This is an excellent question, because usually when it comes to criminal defense, judges control the sentence, while prosecutors control what the charges are. So, a lot of times a case can't be worked out or resolved because a defendant wants a misdemeanor and the prosecutors have charged him or her with a felony and they will not reduce the case down to a misdemeanor.
Therefore, the defendant will not take a deal on the case because they don't want to plead to a felony and be subjected to all of the penalties that come along with that, like the loss of your ability to bear arms, the loss of your ability to vote, the fact that you're typically going to be put on felony probation. There's a whole host of problems that come along with a felony.
So, the question becomes, when can the judge get involved and try to reduce a felony to a misdemeanor?

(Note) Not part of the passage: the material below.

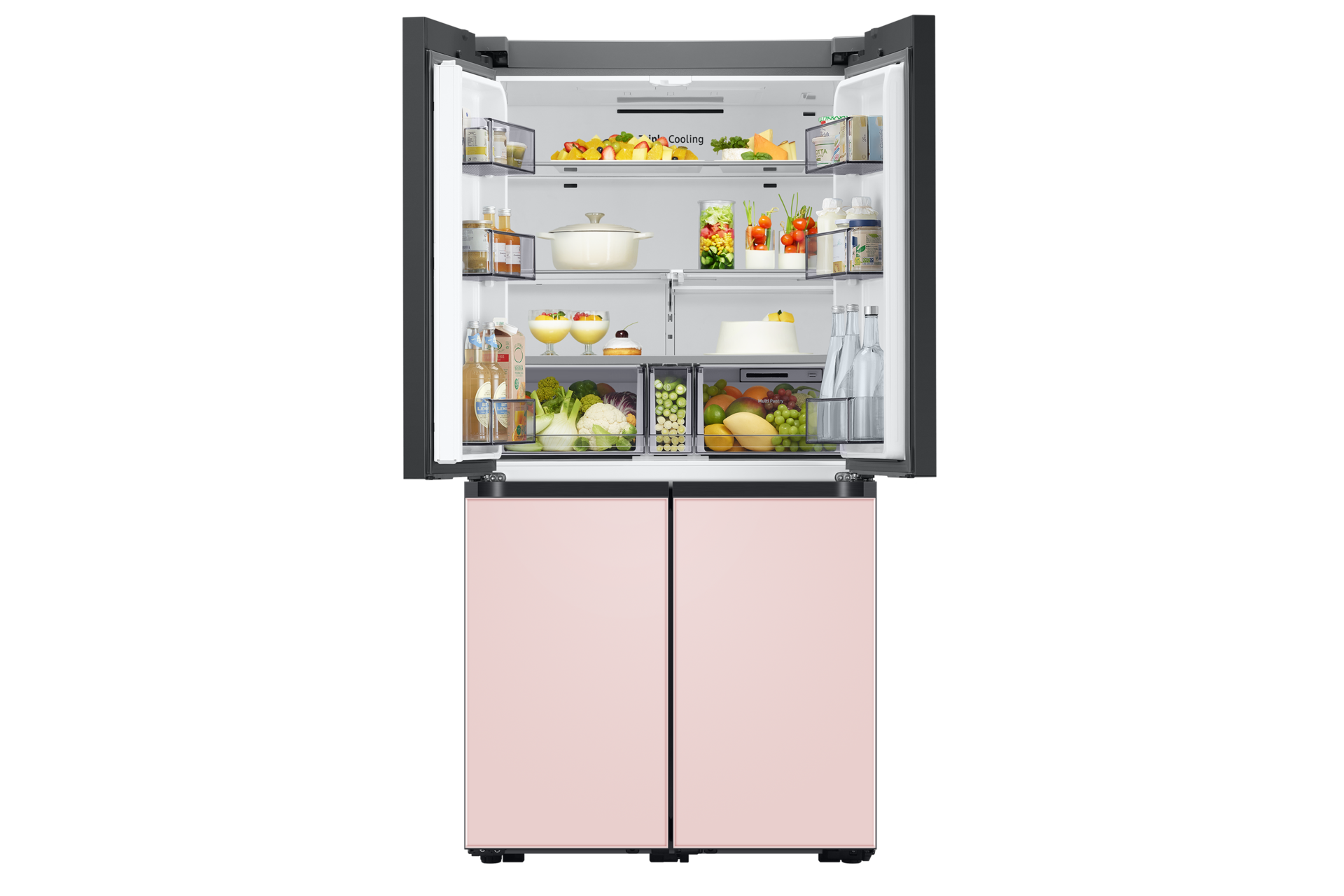 front-open-with-food White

There are some circumstances where the judge can do it. There's a Penal Code 17(b)(5), which basically says that the judge has the authority to reduce a felony to a misdemeanor.
A lot of times what you need in order to try to get the judge to do that is you have to get the facts of the case in front of the judge. Where that usually happens, at least in my experience, is when you do a preliminary hearing in front of the judge. The judge can see what the charge is all about, and then it's just a matter of them looking at the probation report in the case to see what the person's criminal record looks like.

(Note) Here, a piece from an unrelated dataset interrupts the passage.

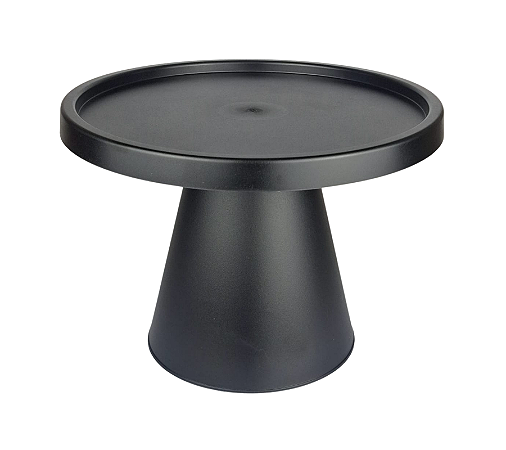 Boleira Cone Grande Preta 28x20cm 1Un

Those are the two key ingredients that the judge needs to decide whether the case warrants a reduction from a felony to a misdemeanor.
At the end of a preliminary hearing, defense attorneys often step in to advocate for a reduction to a misdemeanor if the judge doesn't dismiss the case. This proactive approach can significantly impact the case's outcome.
When the judge reduces the case to a misdemeanor, it often paves the way for a more favorable resolution. The individual is no longer at risk of being placed on felony probation or facing the severe consequences of a felony conviction.
Defense Motion For a PC 17(b) Reduction to Misdemeanor
That's probably the biggest area where I see judges having the power and actually being willing to use the power is when the defense makes a motion for a 17(b)(5) under that Penal Code Section for the judge to reduce the case down to a misdemeanor.
It's at this point, after considering all the facts, that the judge usually exercises their authority to reduce a case from a felony to a misdemeanor. This reassures the defendant that their behavior and the circumstances of the case are being carefully weighed.
And that's really what they're looking at and weighing in, deciding whether to actually reduce a case from a felony to a misdemeanor — what happened in the case? Is it felony conduct? Does this person have a history of committing crimes where they really don't deserve to get a misdemeanor in the case?
How dangerous is the person? And what other things can the defense point out to the judge that makes sense to reduce the case down to a misdemeanor.
Another area where I see judges having the power to reduce a felony to a misdemeanor is when somebody pleads to a felony—that's a wobbler. A wobbler is a term used to describe a crime that can be charged as either a felony or a misdemeanor, depending on the circumstances and the defendant's criminal history. This means it can be reduced down to a misdemeanor at some point, and at the end of probation, the person does everything they're supposed to.
They complete all of the terms and conditions and don't have any new arrests. A lot of times, the defense attorney can file a motion with the court at the end of probation to reduce the case to a misdemeanor. A lot of times, that's going to be granted if it's the right type of case to reduce to a misdemeanor. For instance, non-violent crimes or first-time offenses are often considered the right type of case. If the person was successful in their probation and didn't have any violations, the judge feels it's the right thing to do.